Our case is unique in that a biventricular pacemaker and ICD were placed at the time of right atrial thrombectomy. Biventricular pacing for dilated cardiomyopathy has been demonstrated to improve functional status and quality of life in three prospective randomized trials: (1) the Multisite Stimulation in Cardiomyopathy trial, (2) the Multicenter in Sync Randomized Clinical Evaluation trial, and (3) the Contak CD trial [22]. ICDs have been shown to offer improved survival to patients who have experienced hemodynamically significant arrhythmias or sudden cardiac death in three prospective randomized trials: (1) the Antiarrhythmics Versus Implantable Defibrillators trial, (2) the Cardiac Arrest Study Hamburg trial, and (3) the Canadian Implantable Defibrillator Study [23]. In our patient, placement of the biventricular pacing system and ICD at the time of thrombectomy and lead extraction allowed us to offer both an improved quality of life and survival with minimal additional surgical risk. Benefits of the epicardial approach included avoiding a presumed high risk of recurrent thrombosis if a new endocardial system had been inserted. An epicardial approach could also reduce the risk of recurrent infection in patients with endocarditis, which was not an issue in this case.
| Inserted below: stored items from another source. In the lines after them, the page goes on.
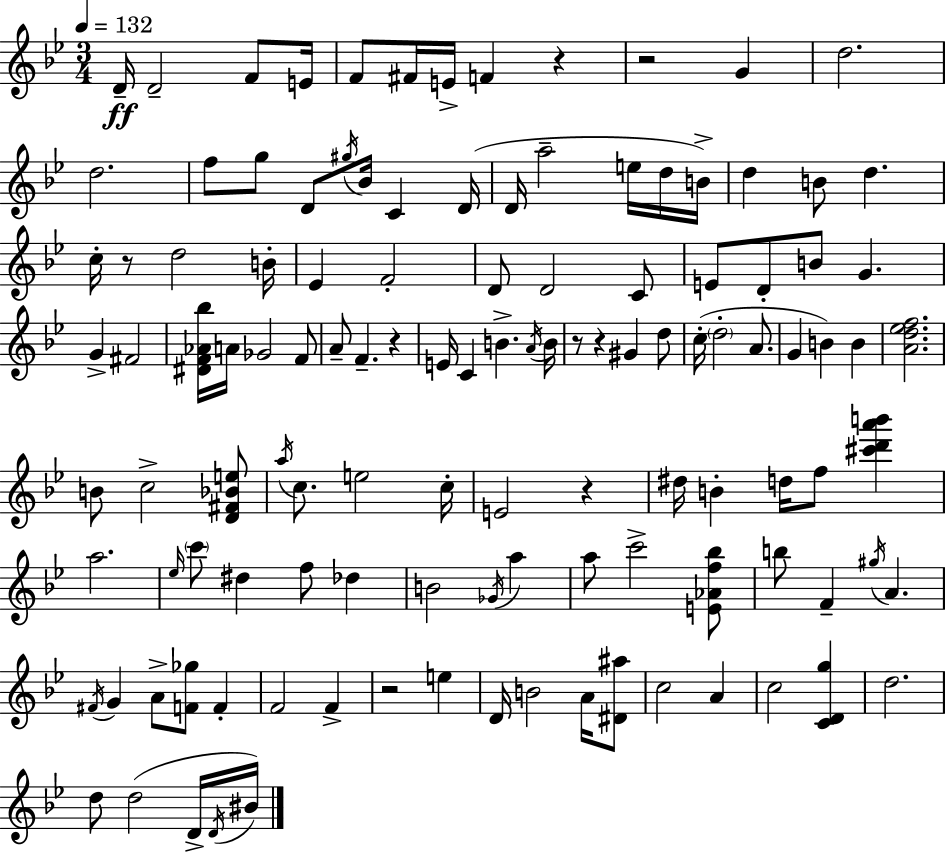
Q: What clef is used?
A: treble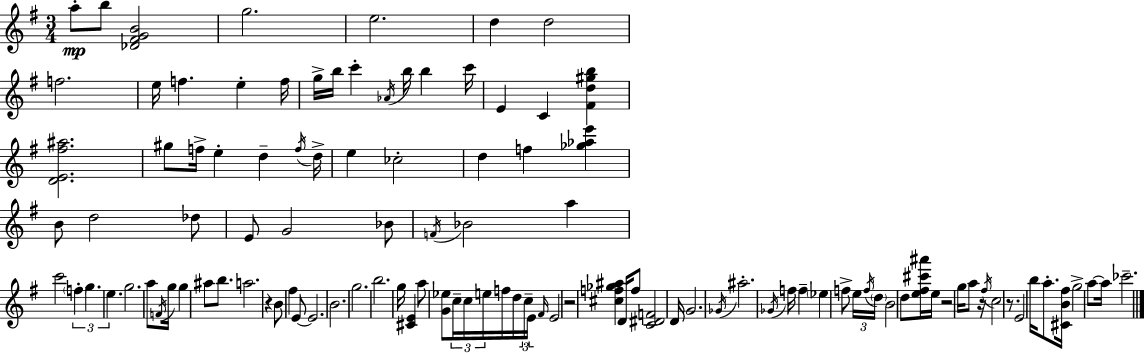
{
  \clef treble
  \numericTimeSignature
  \time 3/4
  \key g \major
  a''8-.\mp b''8 <des' fis' g' b'>2 | g''2. | e''2. | d''4 d''2 | \break f''2. | e''16 f''4. e''4-. f''16 | g''16-> b''16 c'''4-. \acciaccatura { aes'16 } b''16 b''4 | c'''16 e'4 c'4 <fis' d'' gis'' b''>4 | \break <d' e' fis'' ais''>2. | gis''8 f''16-> e''4-. d''4-- | \acciaccatura { f''16 } d''16-> e''4 ces''2-. | d''4 f''4 <ges'' aes'' e'''>4 | \break b'8 d''2 | des''8 e'8 g'2 | bes'8 \acciaccatura { f'16 } bes'2 a''4 | c'''2 \tuplet 3/2 { \parenthesize f''4-. | \break g''4. e''4. } | g''2. | a''8 \acciaccatura { f'16 } g''16 g''4 ais''8 | b''8. a''2. | \break r4 b'8 fis''4 | e'8~~ e'2. | b'2. | g''2. | \break b''2. | g''16 <cis' e'>4 a''8 <g' ees''>8 | \tuplet 3/2 { c''16-- c''16 e''16 } f''16 d''16 \tuplet 3/2 { c''16-- e'16 \grace { fis'16 } } e'2 | r2 | \break <cis'' f'' ges'' ais''>4 d'16 f''8 <c' dis' f'>2 | d'16 g'2. | \acciaccatura { ges'16 } ais''2.-. | \acciaccatura { ges'16 } f''16 f''4-- | \break \parenthesize ees''4 f''8-> \tuplet 3/2 { e''16 \acciaccatura { f''16 } \parenthesize d''16 } b'2 | d''8 <e'' fis'' cis''' ais'''>16 e''16 r2 | g''16 a''8 r16 \acciaccatura { fis''16 } c''2 | r8. e'2 | \break b''16 a''8.-. <cis' b' fis''>16 g''2-> | a''8~~ a''16 ces'''2.-- | \bar "|."
}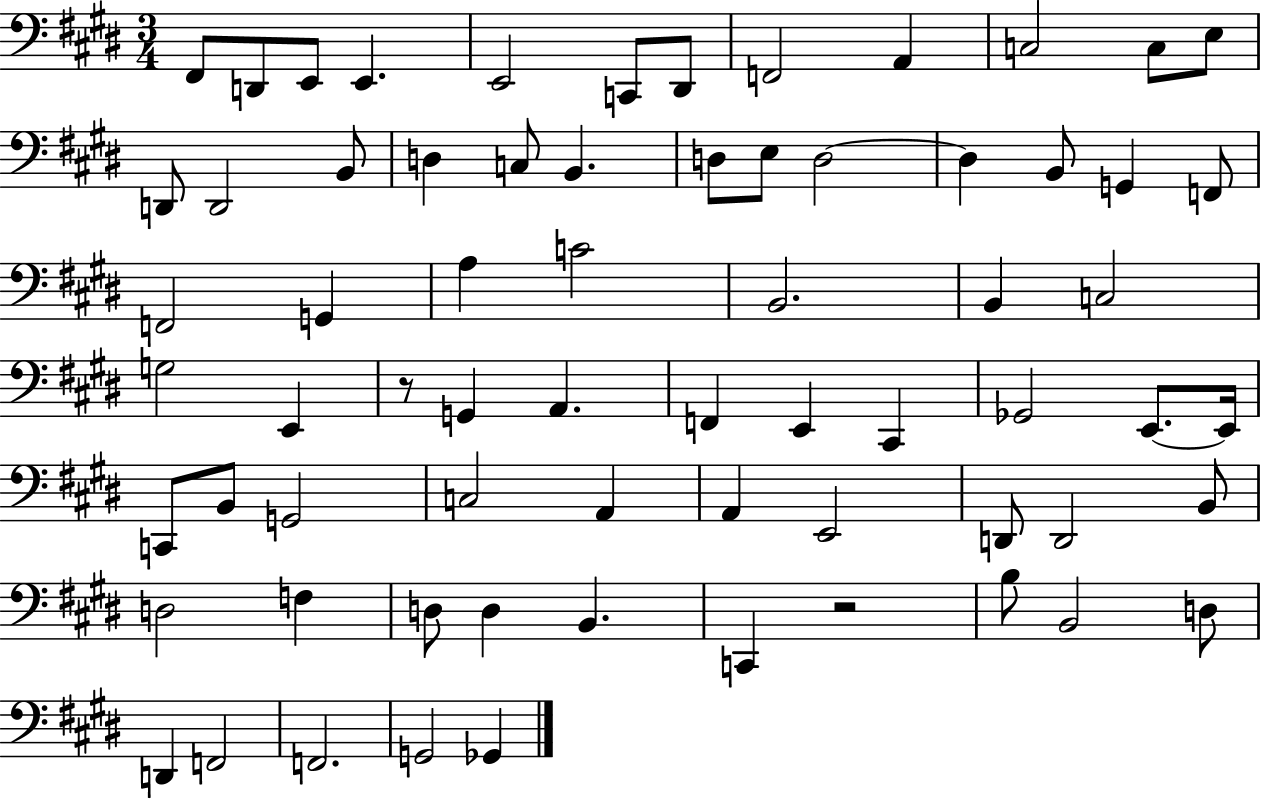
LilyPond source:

{
  \clef bass
  \numericTimeSignature
  \time 3/4
  \key e \major
  fis,8 d,8 e,8 e,4. | e,2 c,8 dis,8 | f,2 a,4 | c2 c8 e8 | \break d,8 d,2 b,8 | d4 c8 b,4. | d8 e8 d2~~ | d4 b,8 g,4 f,8 | \break f,2 g,4 | a4 c'2 | b,2. | b,4 c2 | \break g2 e,4 | r8 g,4 a,4. | f,4 e,4 cis,4 | ges,2 e,8.~~ e,16 | \break c,8 b,8 g,2 | c2 a,4 | a,4 e,2 | d,8 d,2 b,8 | \break d2 f4 | d8 d4 b,4. | c,4 r2 | b8 b,2 d8 | \break d,4 f,2 | f,2. | g,2 ges,4 | \bar "|."
}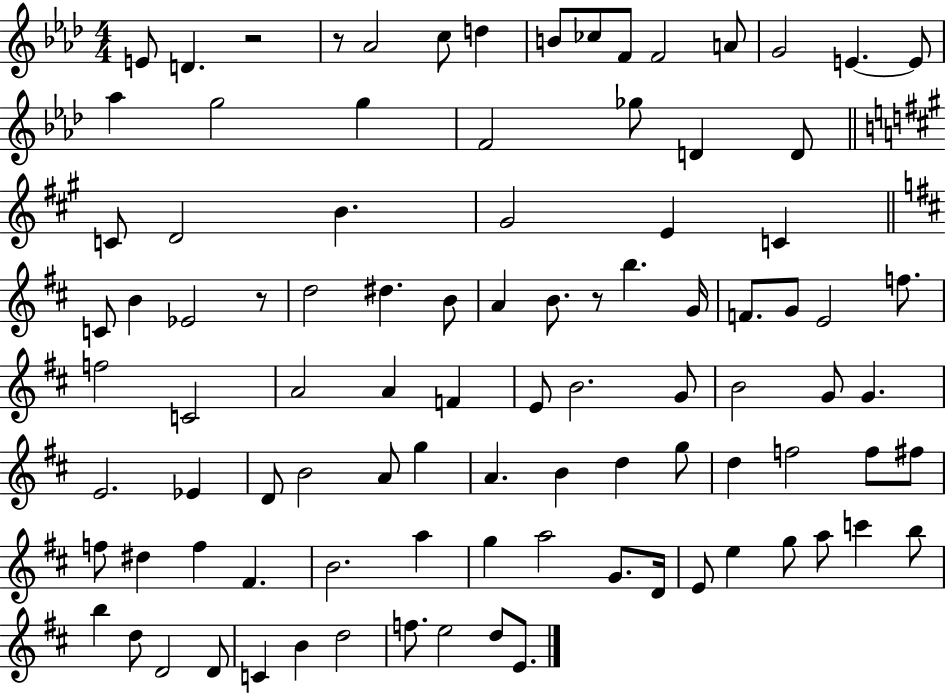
{
  \clef treble
  \numericTimeSignature
  \time 4/4
  \key aes \major
  e'8 d'4. r2 | r8 aes'2 c''8 d''4 | b'8 ces''8 f'8 f'2 a'8 | g'2 e'4.~~ e'8 | \break aes''4 g''2 g''4 | f'2 ges''8 d'4 d'8 | \bar "||" \break \key a \major c'8 d'2 b'4. | gis'2 e'4 c'4 | \bar "||" \break \key d \major c'8 b'4 ees'2 r8 | d''2 dis''4. b'8 | a'4 b'8. r8 b''4. g'16 | f'8. g'8 e'2 f''8. | \break f''2 c'2 | a'2 a'4 f'4 | e'8 b'2. g'8 | b'2 g'8 g'4. | \break e'2. ees'4 | d'8 b'2 a'8 g''4 | a'4. b'4 d''4 g''8 | d''4 f''2 f''8 fis''8 | \break f''8 dis''4 f''4 fis'4. | b'2. a''4 | g''4 a''2 g'8. d'16 | e'8 e''4 g''8 a''8 c'''4 b''8 | \break b''4 d''8 d'2 d'8 | c'4 b'4 d''2 | f''8. e''2 d''8 e'8. | \bar "|."
}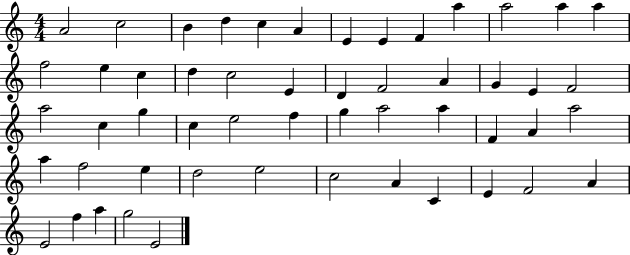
A4/h C5/h B4/q D5/q C5/q A4/q E4/q E4/q F4/q A5/q A5/h A5/q A5/q F5/h E5/q C5/q D5/q C5/h E4/q D4/q F4/h A4/q G4/q E4/q F4/h A5/h C5/q G5/q C5/q E5/h F5/q G5/q A5/h A5/q F4/q A4/q A5/h A5/q F5/h E5/q D5/h E5/h C5/h A4/q C4/q E4/q F4/h A4/q E4/h F5/q A5/q G5/h E4/h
Right atrial thrombosis and pulmonary embolism are infrequent complications of transvenous pacemaker insertion. Symptomatic pulmonary embolism has been reported in 0.6% to 3.5% of patients [24]. Asymptomatic pulmonary embolism may occur at a much higher incidence (48%), which may be more likely in patients with ischemic or valvular heart disease, advanced age, and congestive heart failure [25]. Postoperative low-dose heparin may reduce the occurrence of asymptomatic pulmonary embolism [26].
The consequences of atrial thrombosis on pacemaker leads are potentially severe. The diagnosis should be considered in pacemaker recipients who experience hemodynamic decompensation with chest pain or shortness of breath. Transthoracic echocardiography and ventilation-perfusion scans are valuable diagnostic tools when considering this diagnosis. Treatment modalities include anticoagulation, thrombolysis, and surgery, either individually or a combination of these. The decision regarding which treatment plan to use should be individualized until more clinical data are available.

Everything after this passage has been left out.